SDGsに基づいた効率的な新エネルギーシステムが切望されています。本部門では、化学・機械・システム工学などの専門家が一同に介し、それぞれのノウハウを持ち寄ることで、各要素技術を結集した分野融合的な研究を実現し、Only at TUSによるユニークなエネルギー創生・貯蔵・利用システムの開発と利用を目指します。

研究内容

Only at TUSによるエネルギー創生・変換・貯蔵・利用システムの開発と利用

研究目的

素材からシステムまで一貫した開発体制と相互連携により要素技術を集約し、SDGsに基づいた理科大オリジナルのエネルギーシステムを創製する。

今後の展開

新たな二次電池の実用化、新しい燃料電池システムの構築、効率的な熱電変換システムの構築、光を高効率に利用する新材料の開発、を目指します。

関連するSDGs

メンバー

氏名 職名 所属
郡司 天博 部門長・教授 創域理工学部先端化学科
有光 晃二 教授 創域理工学部先端化学科
板垣 昌幸 教授 創域理工学部先端化学科
井手本 康 教授 創域理工学部先端化学科
坂井 教郎 教授 創域理工学部先端化学科
寺島 千晶 教授 創域理工学部先端化学科
藤本 憲次郎 教授 創域理工学部先端化学科
湯浅 真 教授 創域理工学部先端化学科
堂脇 清志 教授 創域理工学部経営システム工学科
早瀬 仁則 教授 創域理工学部機械航空宇宙工学科
西原 寛 教授 総合研究院
北村 尚斗 准教授 創域理工学部先端化学科
近藤 剛史 准教授 創域理工学部先端化学科
酒井 健一 准教授 創域理工学部先端化学科
四反田 功 准教授 創域理工学部先端化学科
中山 泰生 准教授 創域理工学部先端化学科
片山 昇 准教授 創域理工学部電気電子情報工学科
秋本 順二 客員教授
辻村 清也 客員准教授

研究詳細

Only at TUSによるエネルギー創生・変換・貯蔵・利用システムの開発と利用

石油資源の枯渇や経済的な不安定性が叫ばれる昨今、効率的なエネルギーシステムの開発や高効率なエネルギーの利用と新エネルギーの開発が急務になっています。特に、石油の大部分を輸入に頼る我が国においてその傾向は顕著です。本学においても、これまでにエコシステム研究部門や先端ECデバイス研究部門において電気化学デバイスの開発と利用を検討しており、上市可能なデバイスを開発するに至っています。
また、国連が提唱する持続可能な開発目標(Sustainable Development Goals: SDGs)には17の世界的目標が掲げられており、これからの技術開発には不可欠な目標となっています。SDGsの中では、
7: すべての人々の、安価かつ信頼できる持続可能な近代的エネルギーへのアクセスを確保する
12: 持続可能な生産消費形態を確保する
が本部門に強く関連します。

本研究部門では、先端ECデバイス研究部門の精神と成果を引き継ぎつつ、電気化学デバイス、水素エネルギー、熱エネルギー、光エネルギーに特化して、エネルギー開発と利用・環境低負荷な利用を検討します。
本研究部門は、エネルギー変換およびエネルギー貯蔵の研究グループにより構成されます。エネルギー変換グループはエネルギーの創生や変換に係る技術や材料の開発を、エネルギー貯蔵グループはエネルギーの貯蔵や利用に係る技術や材料の開発を担当します。これらのグループは相互に連携することにより、エネルギーの創生・変換・貯蔵・利用に係るシステムの構築を目指します。また、先端エネルギーデバイスを開発するにあたり、本研究部門に属する教員が専攻や研究分野の枠を越えて互いに協力して現状の問題点を克服することにより、デバイス開発が加速されるとともに、教員相互の基礎知識レベルを向上し、加速度的な相互協力を引き出すことができると期待されます。

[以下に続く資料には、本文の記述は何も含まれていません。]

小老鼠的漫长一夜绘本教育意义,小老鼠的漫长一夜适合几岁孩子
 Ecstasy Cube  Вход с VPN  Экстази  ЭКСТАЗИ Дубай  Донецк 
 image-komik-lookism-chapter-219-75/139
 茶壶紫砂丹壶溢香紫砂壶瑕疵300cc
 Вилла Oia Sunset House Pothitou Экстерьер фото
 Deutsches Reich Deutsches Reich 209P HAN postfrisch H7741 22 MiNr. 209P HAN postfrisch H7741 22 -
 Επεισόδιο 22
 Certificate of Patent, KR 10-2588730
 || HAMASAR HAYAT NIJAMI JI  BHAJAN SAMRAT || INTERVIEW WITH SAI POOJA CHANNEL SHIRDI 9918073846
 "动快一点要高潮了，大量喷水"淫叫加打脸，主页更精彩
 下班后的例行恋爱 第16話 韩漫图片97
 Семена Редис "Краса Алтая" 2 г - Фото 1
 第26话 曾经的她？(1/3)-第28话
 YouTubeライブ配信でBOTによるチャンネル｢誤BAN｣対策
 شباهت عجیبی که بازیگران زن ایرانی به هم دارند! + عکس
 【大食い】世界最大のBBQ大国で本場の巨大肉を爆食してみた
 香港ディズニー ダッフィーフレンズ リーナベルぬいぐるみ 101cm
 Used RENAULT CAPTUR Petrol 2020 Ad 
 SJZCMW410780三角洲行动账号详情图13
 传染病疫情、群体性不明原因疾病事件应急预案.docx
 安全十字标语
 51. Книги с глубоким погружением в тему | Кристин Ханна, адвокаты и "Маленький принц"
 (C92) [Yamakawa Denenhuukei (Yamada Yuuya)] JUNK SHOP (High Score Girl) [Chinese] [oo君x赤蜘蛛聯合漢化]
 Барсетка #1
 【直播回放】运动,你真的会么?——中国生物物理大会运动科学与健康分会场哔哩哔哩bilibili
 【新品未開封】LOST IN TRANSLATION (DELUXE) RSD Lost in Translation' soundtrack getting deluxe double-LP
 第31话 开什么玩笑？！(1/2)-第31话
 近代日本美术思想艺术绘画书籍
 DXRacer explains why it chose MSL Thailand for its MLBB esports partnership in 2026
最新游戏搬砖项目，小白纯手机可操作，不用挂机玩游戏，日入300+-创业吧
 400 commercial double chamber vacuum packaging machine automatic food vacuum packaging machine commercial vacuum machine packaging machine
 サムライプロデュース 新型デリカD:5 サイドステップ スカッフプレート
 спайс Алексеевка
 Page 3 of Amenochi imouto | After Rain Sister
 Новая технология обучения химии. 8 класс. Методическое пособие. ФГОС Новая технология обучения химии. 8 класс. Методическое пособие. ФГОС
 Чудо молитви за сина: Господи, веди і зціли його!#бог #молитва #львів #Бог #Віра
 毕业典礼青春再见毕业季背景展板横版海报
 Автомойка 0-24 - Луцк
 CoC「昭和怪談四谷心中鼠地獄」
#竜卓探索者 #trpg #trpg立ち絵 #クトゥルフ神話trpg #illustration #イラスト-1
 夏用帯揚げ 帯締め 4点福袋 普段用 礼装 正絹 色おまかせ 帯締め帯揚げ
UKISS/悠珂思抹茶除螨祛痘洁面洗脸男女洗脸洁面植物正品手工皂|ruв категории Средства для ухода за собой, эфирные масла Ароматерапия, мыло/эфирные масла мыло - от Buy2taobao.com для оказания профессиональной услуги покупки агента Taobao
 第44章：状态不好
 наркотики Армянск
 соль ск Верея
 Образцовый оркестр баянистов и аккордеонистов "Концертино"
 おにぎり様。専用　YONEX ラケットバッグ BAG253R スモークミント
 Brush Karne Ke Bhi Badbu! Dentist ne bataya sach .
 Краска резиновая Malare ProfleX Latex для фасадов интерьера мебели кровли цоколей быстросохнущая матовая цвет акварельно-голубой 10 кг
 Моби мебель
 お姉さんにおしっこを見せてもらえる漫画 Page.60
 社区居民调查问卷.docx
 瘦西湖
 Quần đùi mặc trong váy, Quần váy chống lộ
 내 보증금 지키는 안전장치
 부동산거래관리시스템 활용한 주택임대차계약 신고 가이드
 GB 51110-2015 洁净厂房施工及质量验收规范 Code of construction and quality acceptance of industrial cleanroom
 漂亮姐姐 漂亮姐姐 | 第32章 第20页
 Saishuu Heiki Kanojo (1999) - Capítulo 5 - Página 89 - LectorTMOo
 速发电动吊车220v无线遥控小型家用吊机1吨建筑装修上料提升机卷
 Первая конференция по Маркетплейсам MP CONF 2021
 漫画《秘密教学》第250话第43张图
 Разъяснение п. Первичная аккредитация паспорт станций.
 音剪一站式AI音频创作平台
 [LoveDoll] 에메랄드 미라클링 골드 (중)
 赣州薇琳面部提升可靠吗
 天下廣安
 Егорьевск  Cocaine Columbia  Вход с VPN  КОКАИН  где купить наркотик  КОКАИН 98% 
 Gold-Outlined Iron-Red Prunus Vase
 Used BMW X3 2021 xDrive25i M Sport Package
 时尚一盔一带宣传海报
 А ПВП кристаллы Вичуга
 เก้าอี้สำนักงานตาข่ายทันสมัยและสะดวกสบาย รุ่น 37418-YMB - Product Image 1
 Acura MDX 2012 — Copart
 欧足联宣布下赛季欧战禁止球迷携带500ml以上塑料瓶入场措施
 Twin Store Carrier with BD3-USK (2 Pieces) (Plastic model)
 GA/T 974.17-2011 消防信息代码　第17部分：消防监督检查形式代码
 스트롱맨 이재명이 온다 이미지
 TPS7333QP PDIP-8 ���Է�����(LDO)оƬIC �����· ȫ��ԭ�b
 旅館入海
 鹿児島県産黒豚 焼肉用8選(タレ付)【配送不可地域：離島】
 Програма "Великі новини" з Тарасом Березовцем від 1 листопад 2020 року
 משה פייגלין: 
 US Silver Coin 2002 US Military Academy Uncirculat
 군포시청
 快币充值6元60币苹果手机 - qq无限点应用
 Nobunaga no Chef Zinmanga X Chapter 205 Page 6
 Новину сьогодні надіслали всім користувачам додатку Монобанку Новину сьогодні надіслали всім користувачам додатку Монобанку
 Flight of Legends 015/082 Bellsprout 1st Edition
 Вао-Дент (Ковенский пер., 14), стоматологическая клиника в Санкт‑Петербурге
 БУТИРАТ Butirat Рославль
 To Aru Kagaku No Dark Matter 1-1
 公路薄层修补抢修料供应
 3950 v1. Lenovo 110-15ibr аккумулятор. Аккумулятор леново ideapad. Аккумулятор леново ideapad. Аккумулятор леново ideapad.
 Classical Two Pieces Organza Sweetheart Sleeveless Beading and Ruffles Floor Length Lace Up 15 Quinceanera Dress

本研究部門に第一線級の教員が参加することにより、さまざまな分野で学界の最先端に位置する情報や技術が集積できるため、only at TUSに基づく、本学独自で本学ならではのオリジナリティの高い技術開発とノウハウの集積が期待されます。
また、本研究部門の特徴として、理工学研究科の横断型コースであるエネルギー・環境コースと協力を進めます。これらの新システムや新材料の開発には教員とともに学生の参加が不可欠です。次世代の科学技術を担う学生の教育研究を通じて技術や智恵を伝承し、エネルギー・環境コースの学生や教員との積極的な交流を図り、本研究部門の目的を早期に達成できるように企図しています。

研究テーマ

エネルギー変換グループ

エコシステム開発部門や先端ECデバイス研究部門の成果に基づいて、高効率で環境低負荷な有機合成プロセスの開発や高感度で高機能な光反応性高分子の開発を進めてきました。中でも、新しい触媒反応を開発することにより、高選択的にカルボニル基をメチレンに還元する反応や、酸素以外の元素を含む有機化合物への応用を目指します。また、光と熱に反応する高分子材料を設計することにより、複数のエネルギーに感応する高分子材料の開発を目指します。さらに、コンビナトリアル法による高速合成と高速物性評価を推進します。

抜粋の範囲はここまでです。